The expression "secular society" has more than one meaning. But, also, our society is one in which more than one meaning is being put forward as a paradigm of what constitutes a life well lived.
One way to clarify what constitutes a secular society is to compare it to its opposites.
A secular society is not a theocracy, which is the enshrining in constitutions and laws of teachings based on revelation alone, or held to be based on revelation alone. The insistence on revelation in this definition is important because, as we shall see, there are truths knowable to reason that are also truth-claims shared by various revealed religions.
It is not theocratic, for example, to declare Easter a holiday because a large sector of the population wants it as a holiday. It would be theocratic for a government to recognize officially the resurrection of Jesus.
It is not theocratic for Canada's Constitution to recognize the Judaeo-Christian heritage of the majority of Canadian people. It would be theocratic for our public institutions to profess adherence to the revealed teachings of either Judaism or Christianity.
There are theocracies in the world today. One of the harmful traits of theocracies is that their governments and other public institutions tend to set themselves up as arbiters of religious truth. They usually do a poor job of it, even in those cases where religious freedom has been respected.
This is because the proper realm of governmental competence is the common good, and thus matters pertaining to religious teachings are, or ought to be, of interest to governments only insofar as these teachings touch upon the common good.
A secular society is not an officially atheistic state. In the latter, public institutions set themselves up as arbiters of truth-claims that purportedly transcend the temporal order.
An official avowal of atheism has political consequences, to be sure, but claims about the non-existence of God pertain to a realm beyond the political.

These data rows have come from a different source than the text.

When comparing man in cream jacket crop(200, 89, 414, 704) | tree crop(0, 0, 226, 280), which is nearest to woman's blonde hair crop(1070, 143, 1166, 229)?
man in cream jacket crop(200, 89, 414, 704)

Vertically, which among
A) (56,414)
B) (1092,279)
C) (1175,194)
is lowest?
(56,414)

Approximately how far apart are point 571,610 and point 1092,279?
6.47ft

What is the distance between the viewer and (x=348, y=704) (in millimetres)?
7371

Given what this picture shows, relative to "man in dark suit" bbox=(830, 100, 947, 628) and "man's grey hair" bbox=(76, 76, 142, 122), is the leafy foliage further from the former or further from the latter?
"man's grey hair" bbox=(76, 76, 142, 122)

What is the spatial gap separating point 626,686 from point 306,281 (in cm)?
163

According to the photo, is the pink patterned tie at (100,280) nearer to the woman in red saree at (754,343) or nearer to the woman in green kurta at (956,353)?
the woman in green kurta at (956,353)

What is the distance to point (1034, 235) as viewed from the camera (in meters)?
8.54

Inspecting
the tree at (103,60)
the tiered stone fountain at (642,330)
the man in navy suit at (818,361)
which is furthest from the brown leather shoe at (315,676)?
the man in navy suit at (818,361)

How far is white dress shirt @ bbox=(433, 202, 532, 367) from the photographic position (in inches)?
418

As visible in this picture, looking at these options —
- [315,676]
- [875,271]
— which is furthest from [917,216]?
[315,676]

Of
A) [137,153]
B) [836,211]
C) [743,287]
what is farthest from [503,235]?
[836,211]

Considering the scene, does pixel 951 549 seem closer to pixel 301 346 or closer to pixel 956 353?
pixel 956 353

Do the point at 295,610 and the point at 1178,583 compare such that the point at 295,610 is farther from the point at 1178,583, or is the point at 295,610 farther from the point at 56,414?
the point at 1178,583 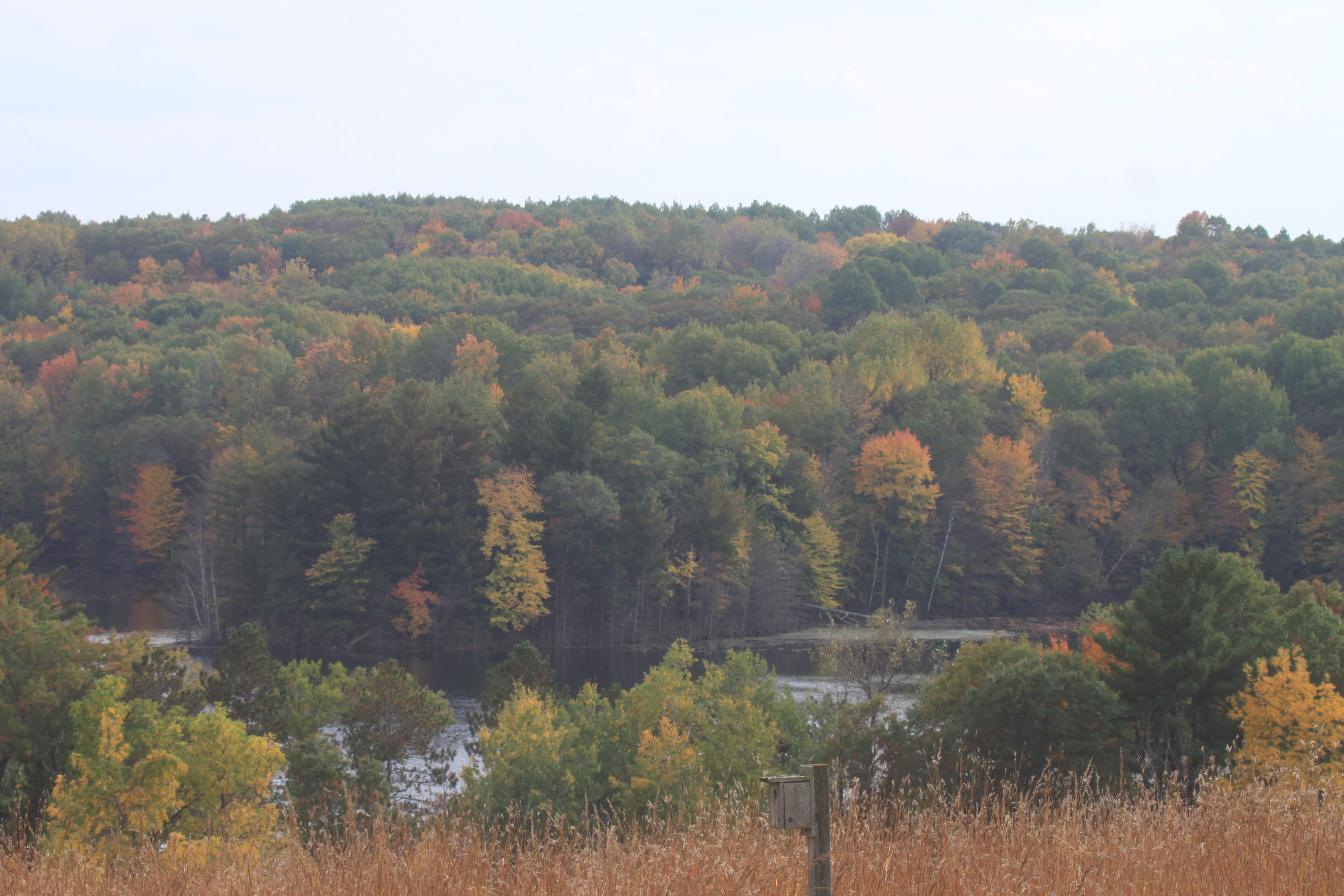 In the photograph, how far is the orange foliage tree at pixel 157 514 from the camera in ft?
184

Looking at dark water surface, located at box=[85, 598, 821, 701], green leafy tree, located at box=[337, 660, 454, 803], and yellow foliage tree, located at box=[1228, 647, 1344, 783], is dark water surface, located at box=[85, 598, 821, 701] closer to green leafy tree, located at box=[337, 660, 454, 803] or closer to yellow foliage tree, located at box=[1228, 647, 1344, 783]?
green leafy tree, located at box=[337, 660, 454, 803]

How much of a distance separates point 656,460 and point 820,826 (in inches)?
1857

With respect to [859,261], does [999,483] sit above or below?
below

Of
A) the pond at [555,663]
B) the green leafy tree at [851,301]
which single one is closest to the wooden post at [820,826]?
the pond at [555,663]

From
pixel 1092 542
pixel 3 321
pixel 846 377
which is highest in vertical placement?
pixel 3 321

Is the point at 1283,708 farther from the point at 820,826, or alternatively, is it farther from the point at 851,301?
the point at 851,301

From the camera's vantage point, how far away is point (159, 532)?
184ft

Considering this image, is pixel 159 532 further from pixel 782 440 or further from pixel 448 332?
pixel 782 440

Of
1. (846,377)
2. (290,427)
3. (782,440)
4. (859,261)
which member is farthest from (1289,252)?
(290,427)

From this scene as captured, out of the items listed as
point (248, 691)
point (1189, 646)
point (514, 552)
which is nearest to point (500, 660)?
point (514, 552)

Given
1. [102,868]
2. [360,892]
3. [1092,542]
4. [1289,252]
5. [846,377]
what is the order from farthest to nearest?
[1289,252] < [846,377] < [1092,542] < [102,868] < [360,892]

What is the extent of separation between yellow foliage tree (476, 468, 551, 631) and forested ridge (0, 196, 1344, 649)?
6.1 inches

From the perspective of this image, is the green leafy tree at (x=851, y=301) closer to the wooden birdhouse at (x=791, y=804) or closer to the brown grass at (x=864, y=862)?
the brown grass at (x=864, y=862)

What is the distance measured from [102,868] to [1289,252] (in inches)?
4713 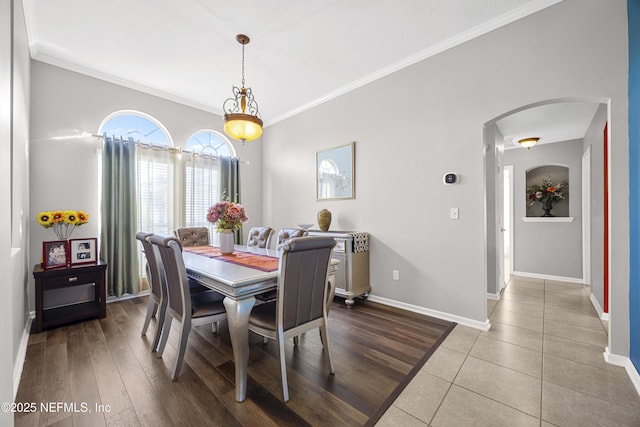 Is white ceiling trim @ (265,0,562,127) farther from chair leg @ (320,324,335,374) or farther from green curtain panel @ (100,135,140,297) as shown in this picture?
chair leg @ (320,324,335,374)

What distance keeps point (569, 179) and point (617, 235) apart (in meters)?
3.56

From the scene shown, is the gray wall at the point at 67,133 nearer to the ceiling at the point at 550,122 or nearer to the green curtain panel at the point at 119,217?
the green curtain panel at the point at 119,217

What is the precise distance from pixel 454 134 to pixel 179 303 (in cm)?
301

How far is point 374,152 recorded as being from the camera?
3453 millimetres

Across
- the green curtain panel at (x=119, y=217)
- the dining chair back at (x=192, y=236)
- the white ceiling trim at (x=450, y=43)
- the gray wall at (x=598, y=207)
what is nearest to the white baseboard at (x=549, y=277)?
the gray wall at (x=598, y=207)

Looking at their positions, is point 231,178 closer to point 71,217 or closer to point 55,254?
point 71,217

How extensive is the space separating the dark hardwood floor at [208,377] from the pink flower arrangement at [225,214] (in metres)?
1.06

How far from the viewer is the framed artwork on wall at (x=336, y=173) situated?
370cm

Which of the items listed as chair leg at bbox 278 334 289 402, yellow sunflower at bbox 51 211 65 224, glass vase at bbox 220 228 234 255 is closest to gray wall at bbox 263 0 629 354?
glass vase at bbox 220 228 234 255

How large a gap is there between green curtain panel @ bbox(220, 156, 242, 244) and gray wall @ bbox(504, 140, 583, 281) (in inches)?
207

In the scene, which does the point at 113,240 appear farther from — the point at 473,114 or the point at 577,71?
the point at 577,71

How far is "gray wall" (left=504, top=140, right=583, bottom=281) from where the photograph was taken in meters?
4.49

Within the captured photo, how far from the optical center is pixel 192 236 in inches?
136

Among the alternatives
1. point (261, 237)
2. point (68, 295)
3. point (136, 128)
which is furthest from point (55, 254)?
point (261, 237) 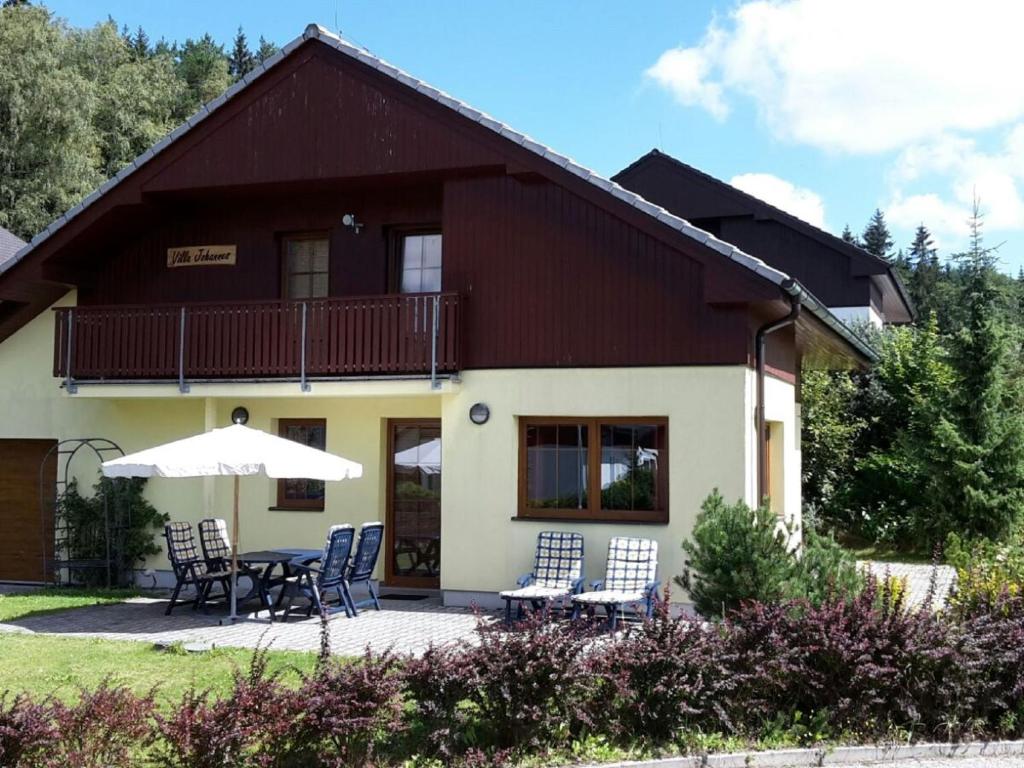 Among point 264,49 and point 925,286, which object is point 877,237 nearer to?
point 925,286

One form of secularity is the aggressively secular state.
This approach to secularity is predicated on the view that the religions of the world are, or ought to be, neither public nor social. In such a state, manifestations of religious belief are kept away from civic functions and places which are under the aegis of the state (e.g., schools).
People are expected to comport themselves as pro forma agnostics in public even when they are religious in private. There are few countries in the world today that are secular in this aggressive sense, although there is a movement in some countries, including Canada, for state-secularity to become more aggressive.

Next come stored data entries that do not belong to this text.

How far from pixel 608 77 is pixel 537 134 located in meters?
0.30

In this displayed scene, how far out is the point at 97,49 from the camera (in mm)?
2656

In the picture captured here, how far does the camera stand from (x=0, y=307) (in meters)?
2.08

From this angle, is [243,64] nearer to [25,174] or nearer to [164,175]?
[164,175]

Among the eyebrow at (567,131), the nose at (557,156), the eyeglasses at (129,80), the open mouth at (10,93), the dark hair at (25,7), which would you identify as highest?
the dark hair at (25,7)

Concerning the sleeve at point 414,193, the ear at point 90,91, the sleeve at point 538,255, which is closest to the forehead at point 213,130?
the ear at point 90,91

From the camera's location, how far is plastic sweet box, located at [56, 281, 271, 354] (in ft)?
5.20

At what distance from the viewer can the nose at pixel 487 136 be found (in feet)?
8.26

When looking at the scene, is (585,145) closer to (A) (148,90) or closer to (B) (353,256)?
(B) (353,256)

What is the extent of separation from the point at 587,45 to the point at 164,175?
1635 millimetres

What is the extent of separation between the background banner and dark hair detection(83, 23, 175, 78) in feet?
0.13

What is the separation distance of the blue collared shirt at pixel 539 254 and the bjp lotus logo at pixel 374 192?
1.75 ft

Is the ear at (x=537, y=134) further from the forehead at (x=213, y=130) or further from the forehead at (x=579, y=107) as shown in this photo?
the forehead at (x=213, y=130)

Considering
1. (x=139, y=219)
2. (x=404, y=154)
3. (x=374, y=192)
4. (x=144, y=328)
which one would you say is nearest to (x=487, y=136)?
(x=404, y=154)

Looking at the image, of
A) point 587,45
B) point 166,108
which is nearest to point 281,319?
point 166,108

One problem with this approach is that by detracting from the public and social nature of every major world religion, it effectively becomes a form of reductionism.
In trying to enforce its program, an aggressively secular state would attempt to marginalize religious communities into a private realm where it is difficult for them to live.

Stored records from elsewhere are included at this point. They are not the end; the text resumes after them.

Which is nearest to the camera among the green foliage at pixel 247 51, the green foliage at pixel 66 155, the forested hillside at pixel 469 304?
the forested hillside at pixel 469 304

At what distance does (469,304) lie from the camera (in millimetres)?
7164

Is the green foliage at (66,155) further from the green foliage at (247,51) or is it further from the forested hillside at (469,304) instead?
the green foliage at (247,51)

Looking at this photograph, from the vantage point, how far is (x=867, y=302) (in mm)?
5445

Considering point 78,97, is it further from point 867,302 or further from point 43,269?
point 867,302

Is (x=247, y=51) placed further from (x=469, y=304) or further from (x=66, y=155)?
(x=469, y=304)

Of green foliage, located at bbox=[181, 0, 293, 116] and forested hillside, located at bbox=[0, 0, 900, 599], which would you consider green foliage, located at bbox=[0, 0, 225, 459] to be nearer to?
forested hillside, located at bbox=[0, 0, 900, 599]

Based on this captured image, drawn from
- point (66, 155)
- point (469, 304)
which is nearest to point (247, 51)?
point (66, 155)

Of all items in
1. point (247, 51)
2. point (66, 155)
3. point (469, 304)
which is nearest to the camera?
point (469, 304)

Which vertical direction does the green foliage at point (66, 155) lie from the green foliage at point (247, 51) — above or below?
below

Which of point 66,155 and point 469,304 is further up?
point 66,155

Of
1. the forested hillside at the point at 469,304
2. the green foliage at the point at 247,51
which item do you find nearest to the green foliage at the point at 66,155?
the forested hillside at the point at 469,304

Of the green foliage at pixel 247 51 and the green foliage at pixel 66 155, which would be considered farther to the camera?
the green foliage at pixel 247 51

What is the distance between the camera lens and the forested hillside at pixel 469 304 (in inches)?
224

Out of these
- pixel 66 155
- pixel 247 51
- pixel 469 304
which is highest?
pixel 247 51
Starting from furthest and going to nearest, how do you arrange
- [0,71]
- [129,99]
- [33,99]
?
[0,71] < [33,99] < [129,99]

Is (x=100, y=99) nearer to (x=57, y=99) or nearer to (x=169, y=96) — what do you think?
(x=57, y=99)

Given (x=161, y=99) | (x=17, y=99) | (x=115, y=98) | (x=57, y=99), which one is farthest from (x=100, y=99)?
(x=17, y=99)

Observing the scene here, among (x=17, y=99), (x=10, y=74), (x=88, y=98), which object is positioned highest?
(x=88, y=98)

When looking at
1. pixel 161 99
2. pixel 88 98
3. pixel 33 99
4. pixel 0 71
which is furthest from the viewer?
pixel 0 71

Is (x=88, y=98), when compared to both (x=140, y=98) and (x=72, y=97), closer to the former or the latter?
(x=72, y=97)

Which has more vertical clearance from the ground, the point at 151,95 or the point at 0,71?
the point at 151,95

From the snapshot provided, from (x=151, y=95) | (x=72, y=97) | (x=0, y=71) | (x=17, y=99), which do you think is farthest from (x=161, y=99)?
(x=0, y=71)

Paradoxically, when a rationale is given for this aggressiveness, there is usually an appeal for tolerance. It is claimed that society can be deemed tolerant only if religions are kept in the private realm and only if they do not intervene in the public square.
Some distinctions need to be made here. The understandings of "religion in the public square" vary considerably from one group to the next, and I shall argue for one version of it.
A second difficulty with aggressive secularity in general is the false premise that secularity is neutral.
On the contrary, the laws and customs of any society presuppose some account of what constitutes truth and goodness.
The question is not: Can we be neutral with regard to truth and goodness? Rather, the question is: How can we arrive at an account of truth and goodness, given that we come from a multiplicity of traditions?
An alternative approach to aggressive secularity is secularity as pluralism. The idea here is that the state does not pronounce itself on religious matters; not because it is officially atheistic or hostile to religion, but because it recognizes the presence of a multiplicity of views, religious and non-religious, in its midst.
It seeks to provide what could be called "space in the public square" to a wide range of views.
This was the original intent of the separation of Church and state in the United States: to ensure the freedom of many religious groups and not just one, or even none.
In this more benign version, here designated pluralistic secularity, religious persons and groups, as well as those opposed to religion, are understood as having a public and social identity. They are thus free to show their colours in public, to make policy proposals, and to seek to have their ethical values influence public policy.
Such a pluralistic approach is something like the form of secularity that has traditionally characterized Canada, although there have been exceptions. One exception was the theocratizing tendencies throughout Quebec that came to a head in the mid-20th century.
Another exception, in the opposite direction, is the movement to consign all religious expression to the private realm.
How are groups to influence public policy in a pluralistic society?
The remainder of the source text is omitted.